The global number of YLDs on blindness and vision loss due to ROP increased from 236 100 (95% UI 156.7 to 340.5, thousand) in 1990 to 253 900 (95% UI 166.6 to 366.6, thousand) in 2019. South Asia, East Asia, and North Africa and Middle East had the highest numbers of YLDs due to anaemia in 1990, while in 2019, the highest numbers were found in South Asia, Western sub-Saharan Africa, and North Africa and Middle East (table 2). South Asia (13.3 (95% UI 8.6 to 19.1)), Southern sub-Saharan Africa (12.9 (95% UI 8 to 19.3)) and Western sub-Saharan Africa (12.9 (95% UI 8.2 to 18.9)) had the highest ASR of YLD from blindness and vision loss due to ROP. Specifically, ROP caused worldwide ASR of YLD to be 5.9 per 100 000 (95% UI 3.7 to 8.9) for blindness in 2019, 1.1 per 100 000 (95% UI 0.5 to 1.9) and 3.6 per 100 000 (95% UI 2.1 to 5.7) of all causes for moderate and severe vision loss, respectively (table 2). Except high-income North America, all GBD regions showed a decrease in the age-standardised point YLD of blindness due to ROP from 1990 to 2019, with the largest decreases being in Andean Latin America (AAPC −2.34; 95% CI −2.54 to −2.15), South Asia (AAPC −1.44; 95% CI −1.74 to −1.13), and North Africa and Middle East (AAPC −1.24; 95% CI −1.31 to −1.17).
National level
In 2019, the national ASR of prevalence of blindness and vision loss due to ROP ranged from 147.9 to 35.5 cases per 100 000 population. Afghanistan (147.9 (95% UI 106.8 to 197.1)), Yemen (146.8 (95% UI 100.7 to 205.2)) and Niger (144.6 (95% UI 105.1 to 191.6)) had the highest age-standardised point prevalence rates of blindness and vision loss due to ROP in 2019. In contrast, Barbados (35.5 (95% UI 16.6 to 56.5)), Taiwan (Province of China) (38.6 (95% UI 22.3 to 57)) and Sweden (39 (95% UI 24.2 to 54.1)) had the lowest rates among people younger than 20 years (online supplemental table 7). South Africa had the largest ASR on prevalence of moderate vision loss, Afghanistan had the largest ASR on prevalence of severe vision loss, and Mali had the largest ASR on prevalence of blindness. The changes in the ASR of prevalence, from 1990 to 2019, differed substantially between countries (figure 1). Greece, Georgia and Bahrain showed the largest increases over the period 1990–2019, while Cambodia, Mozambique and Ghana showed the largest decreases.
Figure 1. Global map of retinopathy of prematurity–related vision impairment prevalence changes from 1990 to 2019 among people younger than 20 years old.

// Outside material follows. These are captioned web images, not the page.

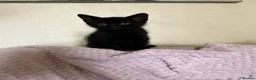 Domestic Shorthair cats for sale: Three kittens for sale  in Heywood - Advert 4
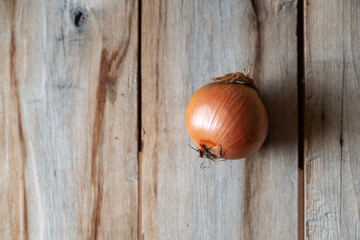 A ripe brown bulb against a wooden background. Unpeeled vegetable in a brown rind. Top view. Copy space for text and design elements.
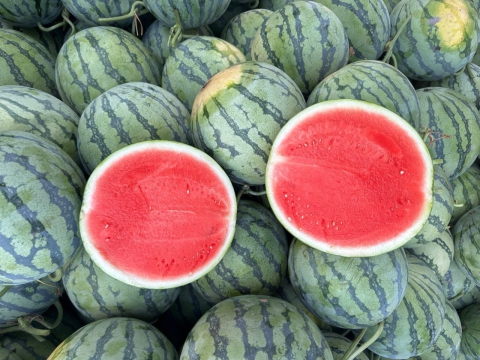 Dưa hấu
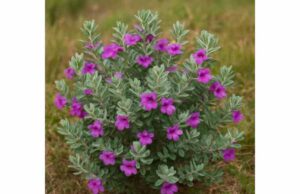 Texas Sage (Leucophyllum frutescens): What It Is, Potential Benefits, Uses, and Risks Texas sage shows antioxidant and anti-inflammatory promise, with traditional uses for pain and respiratory comfort. Learn benefits, risks, and safety.
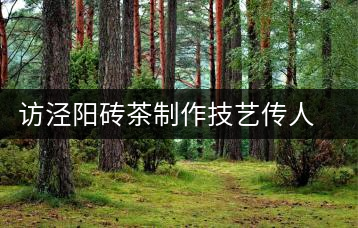 訪涇陽磚茶制作技藝傳人、陜西省非遺傳承人賈根社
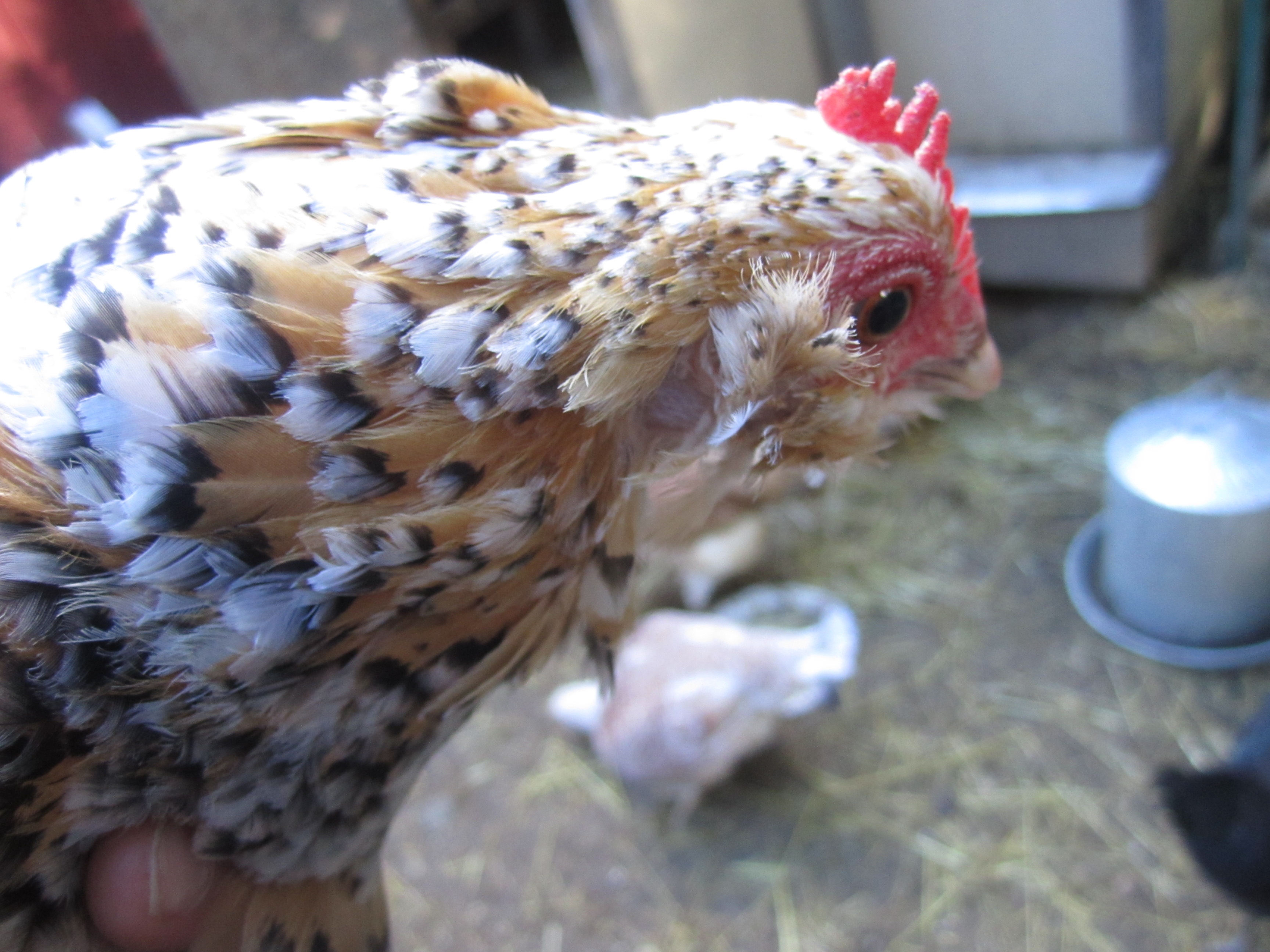 Here's a better picture.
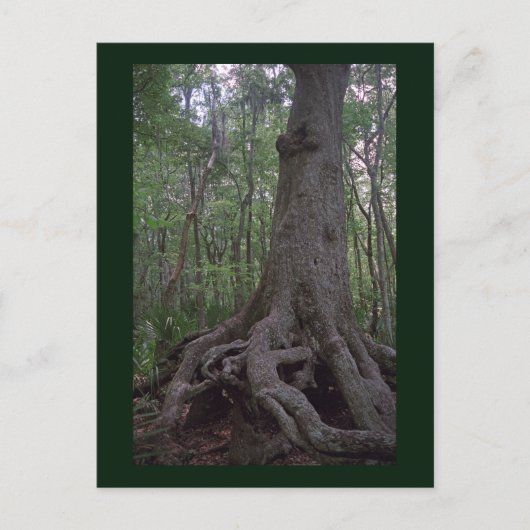 Carte postale de l'artefact de la forêt indienne p (Devant)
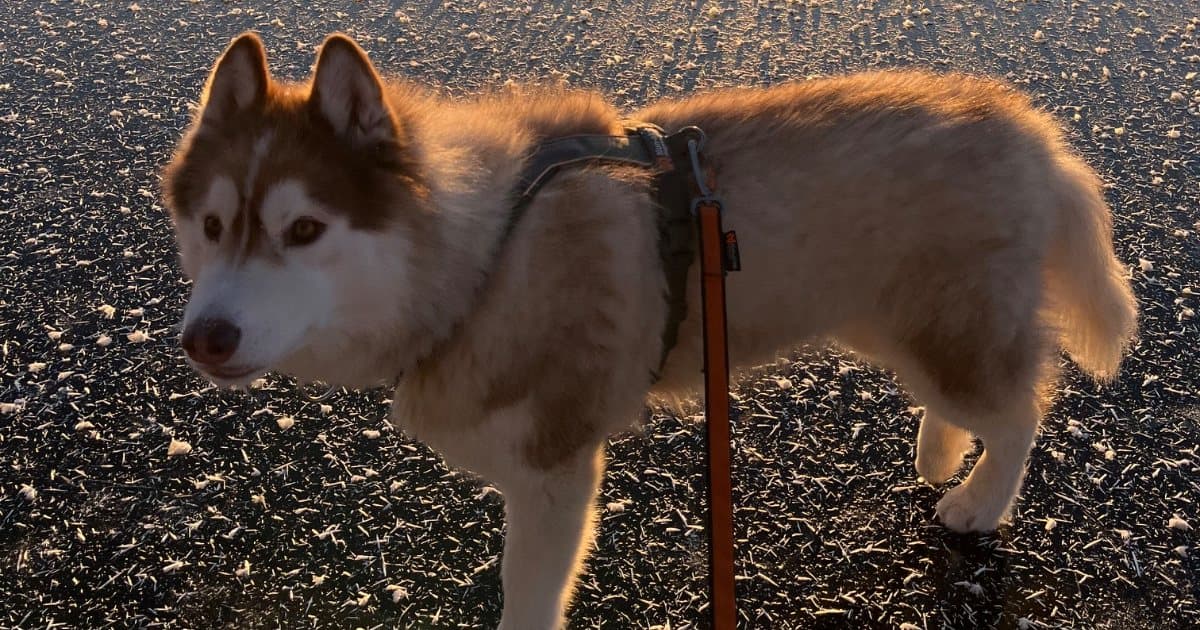 Ski-joëring: discovering skijoring with your dog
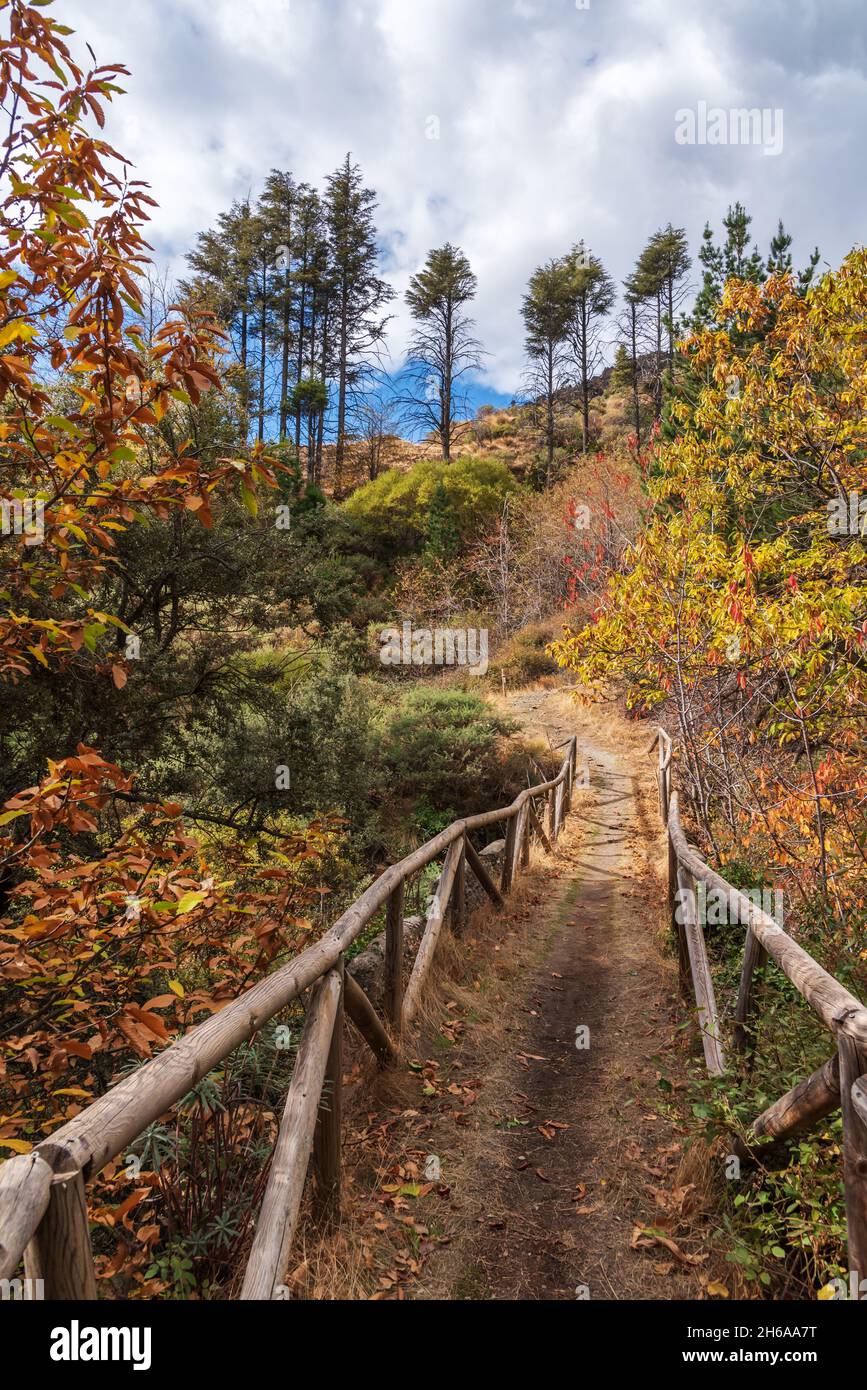Pont sur la rivière Lanjaron dans la Sierra Nevada, à travers lequel passe un chemin, en automne. Banque D'Images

The national ASR of YLD rates of blindness and vision loss due to ROP varied in 2019 from 2.7 to 18.5 cases per 100 000 population. The highest rates were observed in Afghanistan (18.5 (95% UI 11.4 to 27.8)), Mali (17.7 (95% UI 8.9 to 29)) and Ethiopia (17.3 (95% UI 11 to 25.4)). The ASR of YLD with moderate vision loss, severe vision loss and blindness due to ROP was in South Africa (2.4 per 100 000; 95% UI 1.2 to 4.2), Afghanistan (7.1 per 100 000; 95% UI 3.8 to 12.4) and Equatorial Guinea (12.1 per 100 000; 95% UI 6.2 to 19.9) in 2019, respectively (online supplemental table 8). Georgia, Greece and Ukraine showed the largest increases in the ASR of YLD from 1990 to 2019, while Cabo Verde, Cambodia and Ghana whose YLD rate decreased largely during this period (figure 2).
Figure 2. Geographic distribution of age-standardised years lived with disability per 100 000 population in nations with retinopathy of prematurity–related vision impairment from 1990 to 2019 among people younger than 20 years old.
Sex patterns
Although both male (AAPC=0.06; 95% CI 0.04 to 0.08) and female (AAPC=0.09; 95% CI 0.07 to 0.11) ASR of prevalence on blindness and vision loss were increasing from 1990 to 2019, the increasing trends of ASR of prevalence for female was slightly higher than that of male. In 2019, the ASR of prevalence of male and female were similar, with 86.4 per 100 000 (95% UI 69.9 to 105) and 86.5 per 100 000 (95% UI 70.6 to 104.2), respectively (figure 3).
Figure 3. Global age-standardised prevalence of retinopathy of prematurity–related vision impairment by sex from 1990 to 2019.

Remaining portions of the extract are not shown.